历史数据入库我使用的python写的,首先定义两个数据库的信息
# 使用示例
sql_server_conn_params = {
'driver': '{SQL Server}',
'server': 'ip',
'database': '数据库名',
'uid': 'jzyg',
'pwd': ''
}
mysql_conn_params = {
'host': 'localhost',
'user': 'root',
'password': '123456',
'database': '数据库名',
'charset': 'utf8mb4'
}
定义查询语句
querySolar = 'SELECT dtime,stationID,staionName,electric,tiltSolar,levelSolar,scatterSolar,directSolar,tiltSolar_day,levelSolar_day,scatterSolar_day,directSolar_day,sunShine_day FROM realData_Solar'
定义入库历史数据函数
def transfer_wind_data(self):
# 连接到 SQL Server
with pyodbc.connect(**self.sql_server_conn_params) as sql_server_conn:
with sql_server_conn.cursor() as sql_server_cursor:
# 修改查询,仅选择上次同步后的数据
modified_query = self.queryWind + " WHERE dtime >= ? ORDER BY dtime"
sql_server_cursor.execute(modified_query, (self.wind_last_dtime,))
rows = sql_server_cursor.fetchall()
if not rows:
return # 没有新数据
# 连接到 MySQL
with pymysql.connect(**self.mysql_conn_params) as mysql_conn:
with mysql_conn.cursor() as mysql_cursor:
data_list = []
for row in rows:
observe_time = row[0].strftime("%Y-%m-%d %H:%M:00")
fsz_id = row[1].replace('"', "").strip()
station_name = row[2]
farmName = station_name.split("-")[0]
# 根据电站名查询电站号
sql = "SELECT FARMID FROM com_farm WHERE FARMNAME LIKE %s"
mysql_cursor.execute(sql, ('%' + farmName + '%',))
result = mysql_cursor.fetchone()
farm_id = None
if result is not None:
farm_id = result
# 处理查询结果为空的情况
if farm_id is not None:
farm_id = farm_id[0]
staion_name = row[2]
wind_direction_instant = row[3]
wind_speed_instant = row[4]
wind_speed_two_min = row[5]
wind_speed_ten_min = row[6]
data = (observe_time,fsz_id,staion_name,farm_id,wind_direction_instant,
wind_speed_instant,wind_speed_two_min,wind_speed_ten_min)
data_list.append(data)
self.wind_last_dtime = row[0].strftime("%Y-%m-%d %H:%M:%S")
if data_list:
result = mysql_cursor.executemany('INSERT INTO wind_monitor'
'(observe_time,fsz_id,station_name,farm_id,wind_direction_instant,wind_speed_instant,wind_speed_two_min,wind_speed_ten_min) '
'VALUES (%s,%s,%s,%s,%s,%s,%s,%s)', data_list) # 根据你的表结构修改
mysql_conn.commit()
print(f'wind_monitor表插入了{result}行数据.' if result else '没有新数据插入。')
创建中间表
CREATE TABLE intermediateData_Wind AS SELECT * FROM realData_Wind WHERE 1=0;
创建触发器
CREATE TRIGGER CopyToIntermediateTable
ON realData_Wind
AFTER INSERT
AS
BEGIN
-- 插入操作
INSERT INTO intermediateData_Wind (dtime, stationID, staionName, windDirectionInstant, windSpeedInstant, windSpeed2min, windSpeed10min)
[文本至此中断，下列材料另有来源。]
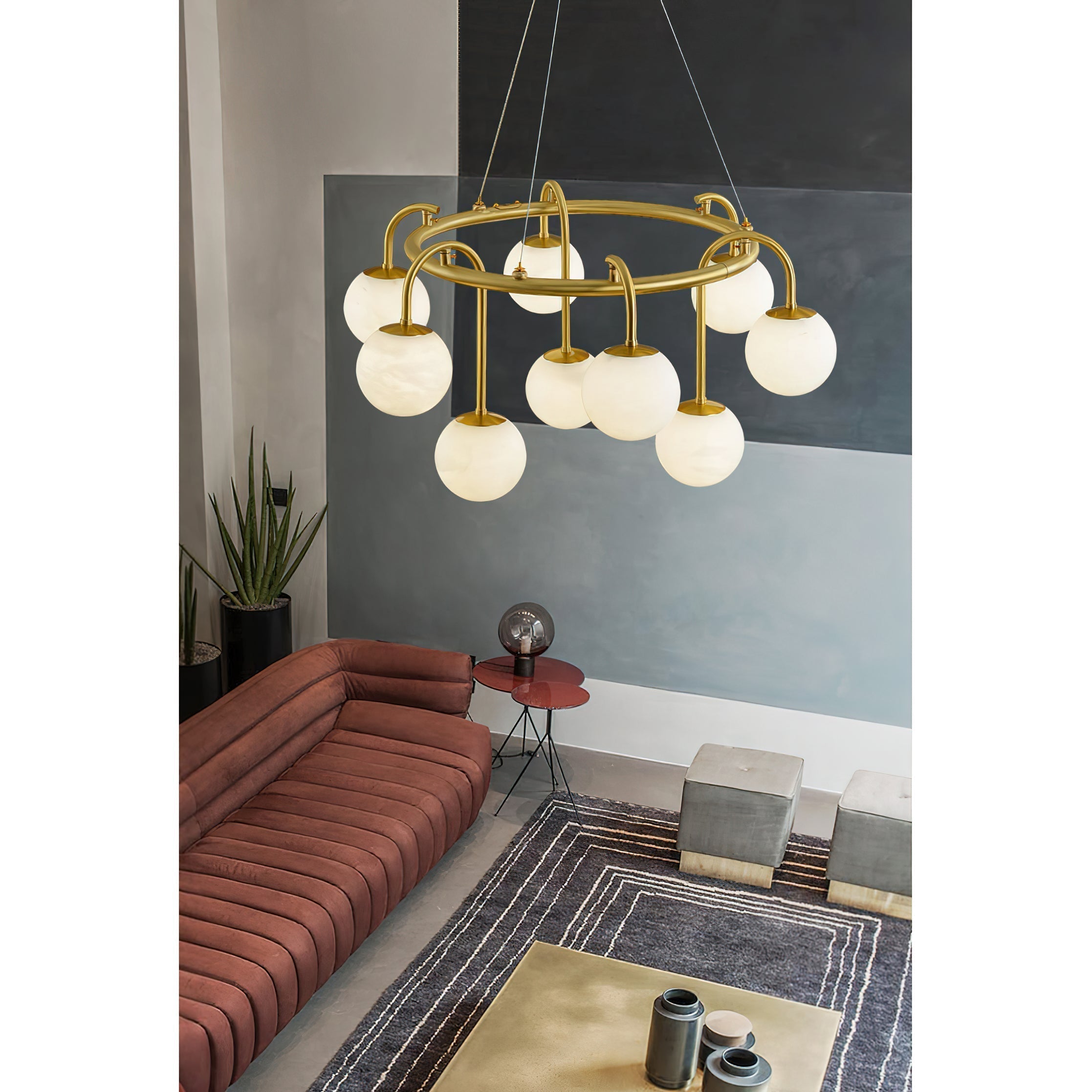 Zotalara Premium Elegance Brass Alabaster Chandelier - Lamp Copper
SELECT dtime, stationID, staionName, windDirectionInstant, windSpeedInstant, windSpeed2min, windSpeed10min
FROM inserted;
END;
def transfer_insert_intermediateData_Wind(self):
# 连接到 SQL Server
with pyodbc.connect(**self.sql_server_conn_params) as sql_server_conn:
with sql_server_conn.cursor() as sql_server_cursor:
# 查询中间表中所有数据
sql_server_cursor.execute(self.queryIntermediateData)
intermediate_rows = sql_server_cursor.fetchall()
# 用于跟踪删除和插入的数量
deleted_count = 0
inserted_count = 0
# 连接到 MySQL
with pymysql.connect(**self.mysql_conn_params) as mysql_conn:
with mysql_conn.cursor() as mysql_cursor:
for row in intermediate_rows:
observe_time = row[0].strftime("%Y-%m-%d %H:%M:00")
fsz_id = row[1].replace('"', "").strip()
# 检查wind_monitor表中是否存在相同数据
check_query = "SELECT COUNT(*) FROM wind_monitor WHERE observe_time = %s AND fsz_id = %s"
mysql_cursor.execute(check_query, (observe_time, fsz_id))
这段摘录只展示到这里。